Christen haben seit der Islamischen Revolution keinen leichten Stand im Land. Zwar werden sie als Angehörige einer Minderheitsreligion anerkannt und es gibt offiziell rund 600 christliche Kirchen im Land. Doch werden Gottesdienstbesucher von der Polizei kontrolliert. Außerdem müssten christliche Gemeinden sich dazu verpflichten, keine Missionsarbeit zu leisten, berichtet die Internationale Gesellschaft für Menschenrechte (IGFM).

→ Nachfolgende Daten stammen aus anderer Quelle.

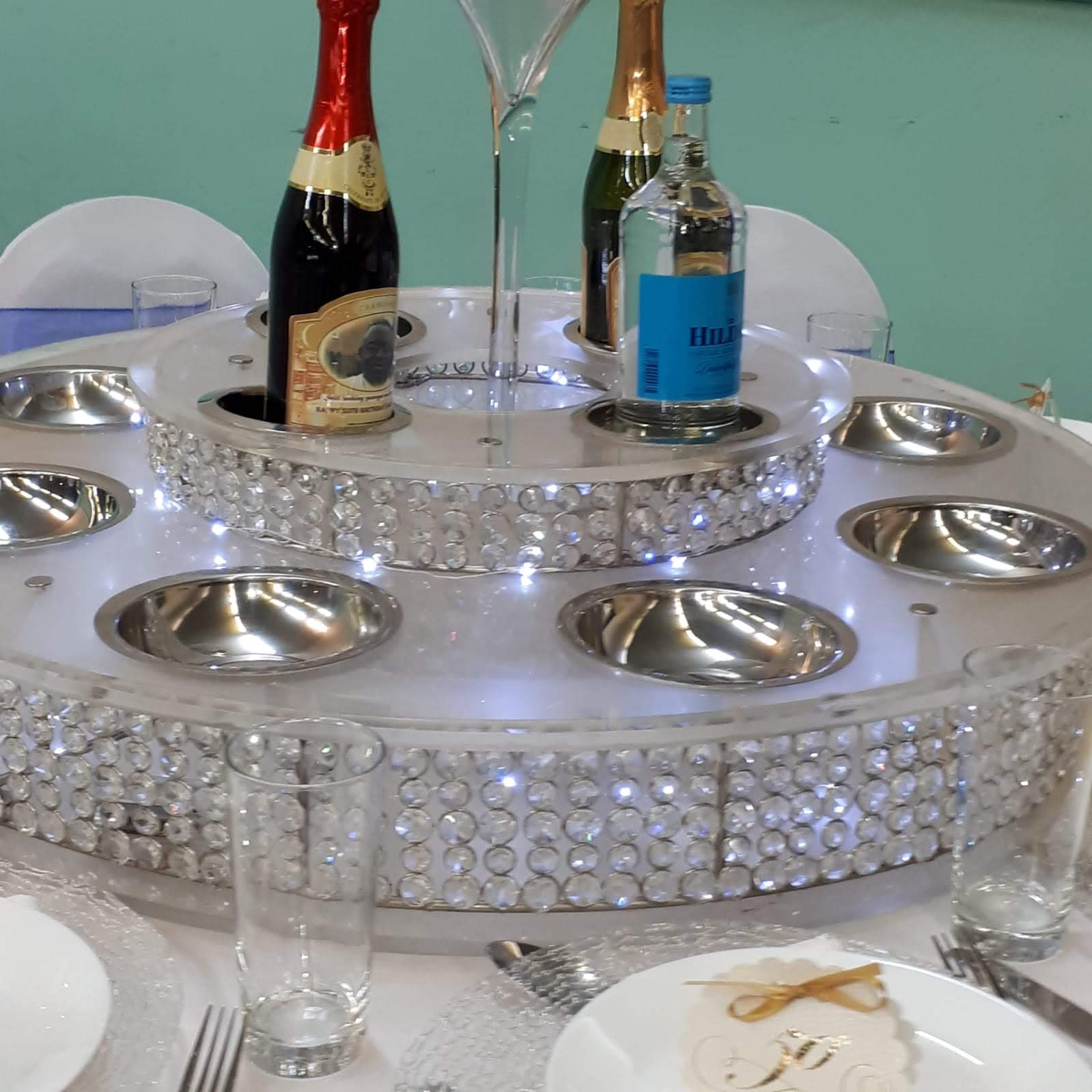 Crystal Lazy Susan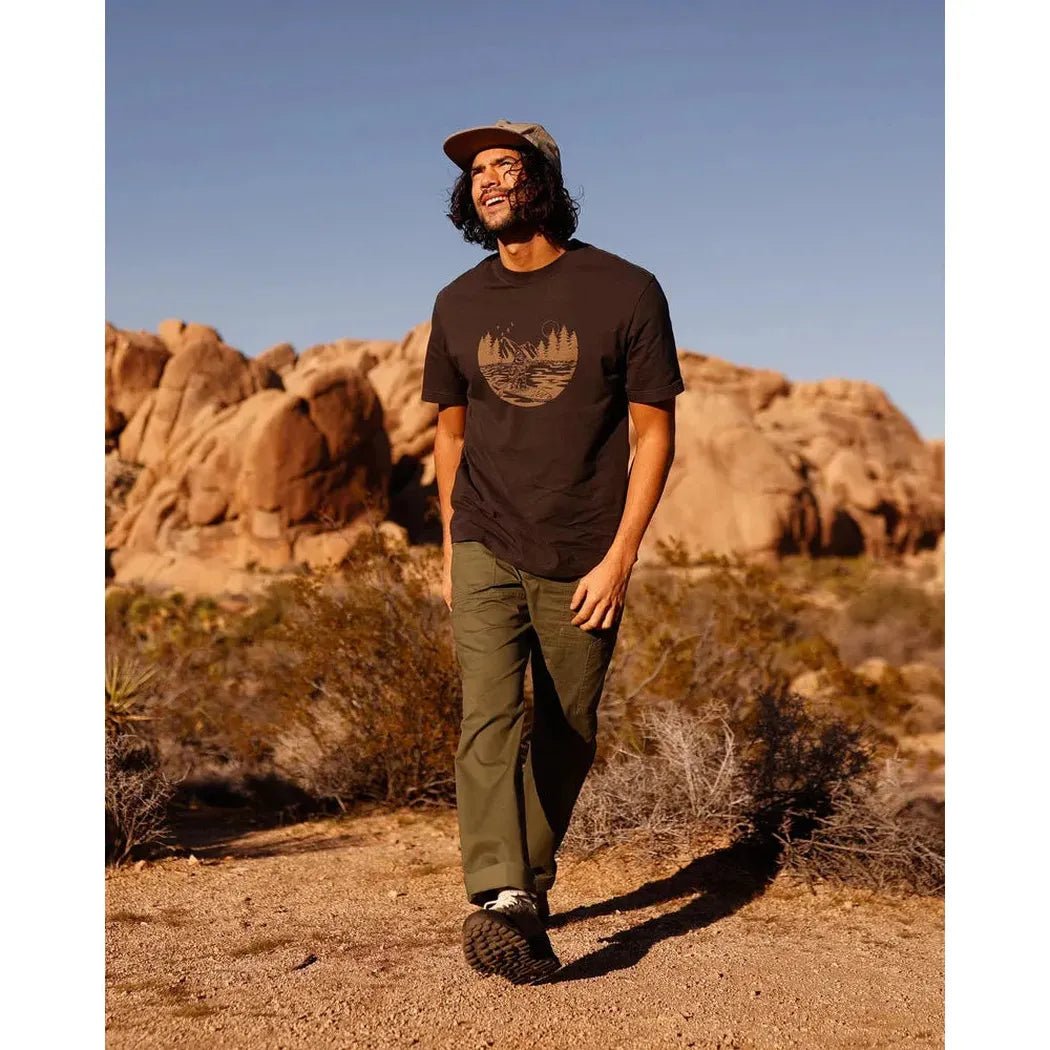 Tentree Men's Regenerative Lake Life Portal T-Shirt-Men's - Clothing - Tops-Appalachian Outfitters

Noch schärfere Repressionen gelten für Konvertiten. Eine ganze Reihe von ihnen sitzt im Gefängnis, wo sie zum Teil physisch und psychisch gefoltert werden, so die IGFM. So wie Saeed Abedini. Ihn habe wohl vor allem sein US-amerikanischer Pass vor der drohenden Todesstrafe bewahrt, mutmaßt die Washingtoner Anwältin der Familie, die den Kontakt zu seinem Verteidiger im Iran hält.

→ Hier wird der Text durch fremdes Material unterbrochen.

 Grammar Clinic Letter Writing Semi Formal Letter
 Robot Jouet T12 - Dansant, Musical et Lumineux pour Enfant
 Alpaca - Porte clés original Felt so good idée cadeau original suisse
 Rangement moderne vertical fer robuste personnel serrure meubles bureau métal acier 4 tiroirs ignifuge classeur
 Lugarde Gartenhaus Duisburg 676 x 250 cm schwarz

Den Schritt an die Öffentlichkeit gewagt
Nach Saeed Abedinis Verhaftung hatte seine Frau Naghme zunächst drei Monate lang im Stillen versucht, ihren Mann freizubekommen. "Es gibt immer die Angst: Wenn du an die Öffentlichkeit gehst, machst du die Dinge schlimmer", sagt sie. "Aber seine Situation verschlechterte sich zusehends. Sie schlugen ihn, steckten ihn in Einzelhaft, und er wurde krank. Und da ging ich an die Presse. Wir wissen von vielen anderen Fällen, dass es den Gefangenen hilft, wenn man die Dinge ans Licht zerrt. Die iranische Regierung wird viel vorsichtiger, wenn so ein Fall erst einmal international bekannt ist."
Seitdem ist Naghme Abedini rastlos in der ganzen Welt unterwegs, um in der internationalen Politik Mitstreiter zu finden, die sich für eine Freilassung ihres Mannes einsetzen. Unermüdlich postet sie Appelle auf Facebook, gibt TV- und Radio-Interviews, überreicht Petitionen und Bittgesuche. Der US-Senat hat eine entsprechende Resolution bereits verabschiedet, Präsident Obama forderte persönlich seine unverzügliche Freilassung.
Vergangene Woche sprach Naghme Abedini vor dem Europäischen Parlament und vor dem Menschenrechtsausschuss des Deutschen Bundestages. "Deutschland war eines der ersten Länder, das sich vor der UN für die Freilassung meines Mannes einsetzte und kritisierte, dass die Verhaftung meines Mannes ungesetzlich sei", erzählt sie. "Ich hoffe einfach, dass ich irgendjemanden dazu bringen kann, die richtigen Hebel in Bewegung zu setzen. Deutschland ist dafür ein gutes Land, denn es unterhält gewisse Beziehungen zum Iran, politisch und wirtschaftlich. Vielleicht gibt es ja hier jemanden, der zum Telefonhörer greift und es schafft, die richtigen Leute anzurufen, um meinen Mann wieder freizubekommen."